Nach einigen aufsehenerregenden Gewalttaten sind seit Anfang März die Sicherheitsvorkehrungen in der New Yorker U-Bahn massiv verstärkt worden. Sogar die Nationalgarde patrouilliert in den Subway-Stationen. Abgesehen von der Präsenz der Stadtpolizei, die aufgestockt wurde, sind 1000 weitere Einsatzkräfte im Dienst – dazu gehören Polizisten des Gliedstaats New York sowie die 750 Nationalgardisten. Abgesehen davon, dass sie die Bahnhöfe überwachen und Präsenz markieren, durchsuchen sie stichprobenartig Taschen der Passagiere.

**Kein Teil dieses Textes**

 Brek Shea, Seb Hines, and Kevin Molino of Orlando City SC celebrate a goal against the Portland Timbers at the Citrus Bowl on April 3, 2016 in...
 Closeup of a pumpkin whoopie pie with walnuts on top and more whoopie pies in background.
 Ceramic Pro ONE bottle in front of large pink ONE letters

Vom Freund vor den einfahrenden Zug gestossen
Darüber hinaus sollen spezielle Teams Leute mit psychischen Problemen erkennen und entsprechenden Institutionen zuführen. Zusätzliche Kameras wurden installiert, Fahrverbote für verurteilte Angreifer ausgesprochen und Dateien mit Wiederholungstätern angelegt. Auch neue Schranken wurden erstellt, die Schwarzfahrer nicht mehr so leicht überspringen können. Die meisten Massnahmen wurden von Kathy Hochul angeordnet, der demokratischen Gouverneurin des Gliedstaats New York.

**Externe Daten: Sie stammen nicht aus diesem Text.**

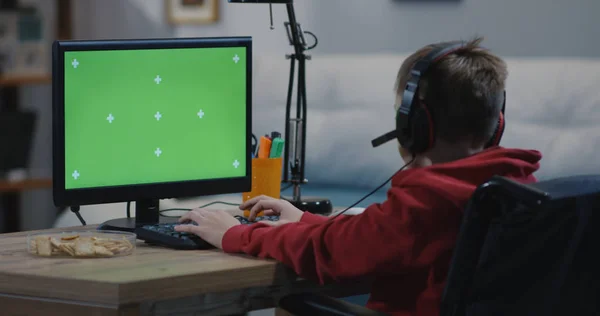 Wheelchaired boy using computer — Stockfoto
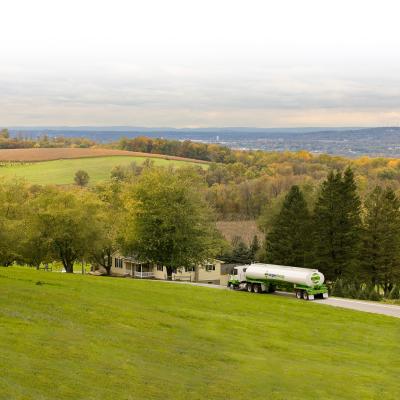A tank truck driving on a highway.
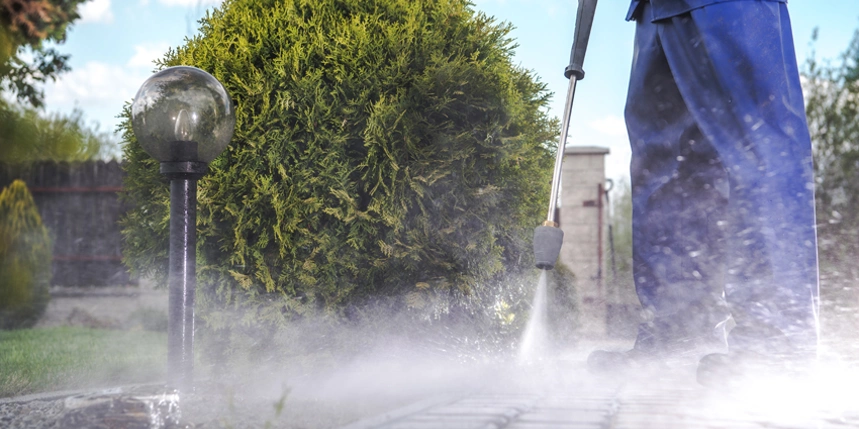 Blog title superimposed over a person pressure washing a wooden deck, Five Star Painting logo in the top right of the photo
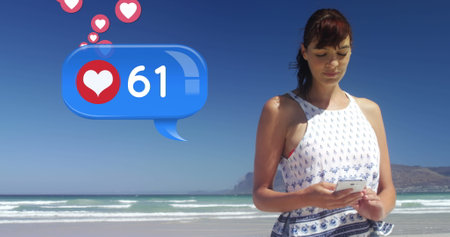 Close up of a Caucasian woman texting on the beach on a sunny day. Beside her in the foreground is a...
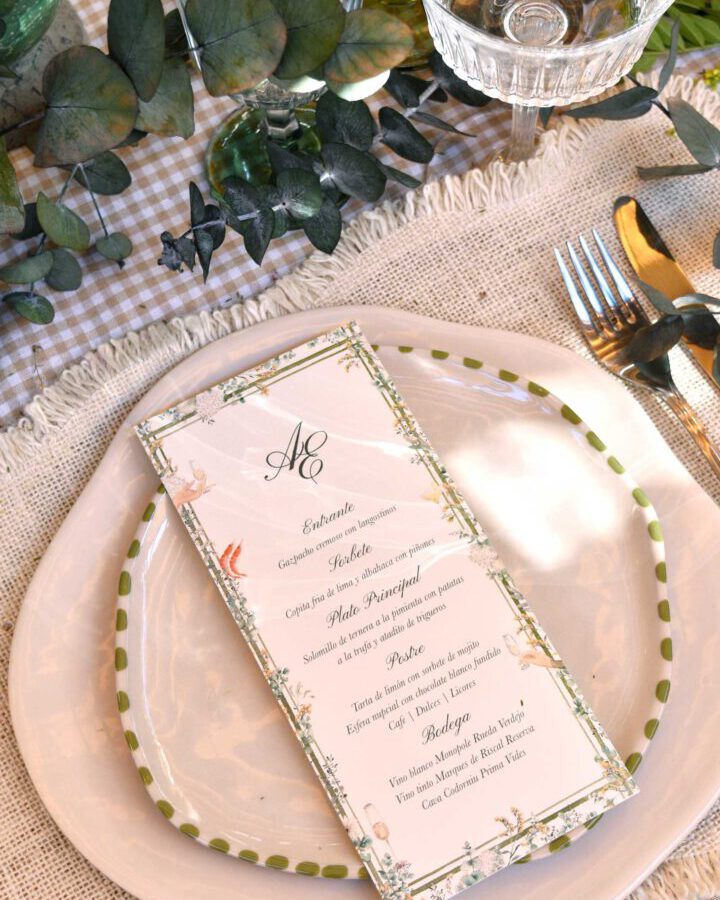 Minuta de boda con diseño de hojas y ramas de bosque pintadas a mano en acuarela y monograma sobre plato elegante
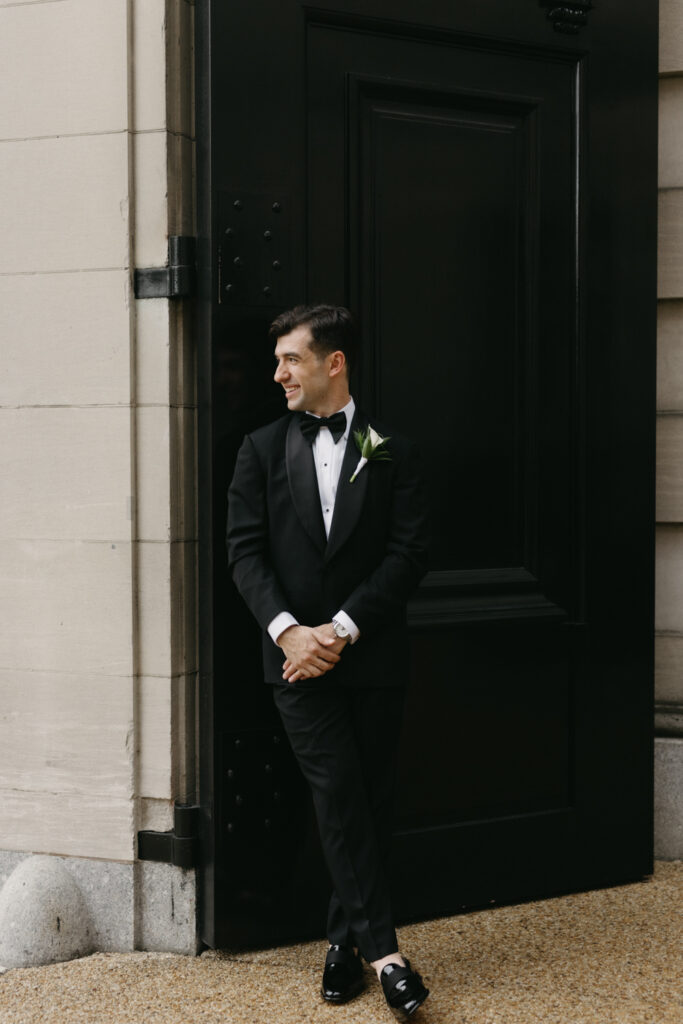 Groom in formal black tie attire posing in front of the Larz Anderson House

Hintergrund der Massnahmen war eine ganze Reihe von schockierenden Vorkommnissen. Am 14. Januar wurde ein 45-Jähriger, der bei einem Streit wegen lauter Musik schlichten wollte, in einer U-Bahn im Stadtteil Brooklyn erschossen. Für Aufsehen sorgte auch ein Schusswechsel zwischen rivalisierenden Jugendbanden; bei der bewaffneten Auseinandersetzung auf einem U-Bahn-Perron in der Bronx am 12. Februar wurde ein Mann getötet und fünf weitere Personen verletzt. Am 29. Februar wurde einem Zugführer ein Messer in den Hals gestossen, als er an einer Haltestelle in Brooklyn aus dem Fenster schaute; er konnte im Spital gerettet werden.

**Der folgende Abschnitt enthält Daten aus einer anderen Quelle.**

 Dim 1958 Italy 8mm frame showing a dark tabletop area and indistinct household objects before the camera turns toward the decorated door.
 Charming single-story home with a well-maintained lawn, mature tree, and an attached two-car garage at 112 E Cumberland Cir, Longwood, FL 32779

Ähnliche Fälle ereigneten sich allerdings auch nach der Einführung der Sicherheitsmassnahmen. Am 14. März griff ein Mann, der mit einer Pistole und einem Messer bewaffnet war, im Stadtteil Brooklyn während der Fahrt einen Passagier an, der ihm jedoch die Waffe entreissen und auf ihn schiessen konnte. Am 9. März wurde eine Frau von ihrem Freund in Manhattan vor einen einfahrenden Zug gestossen. Beide Beine mussten ihr amputiert werden. Etwas Vergleichbares ereignete sich am 25. März, als ein Mann in Harlem von einem Unbekannten auf die Gleise geschubst, vom Zug erfasst und getötet wurde. Bei dem verhafteten Täter handelte es sich laut der Polizei um einen 24-Jährigen mit schweren psychischen Problemen.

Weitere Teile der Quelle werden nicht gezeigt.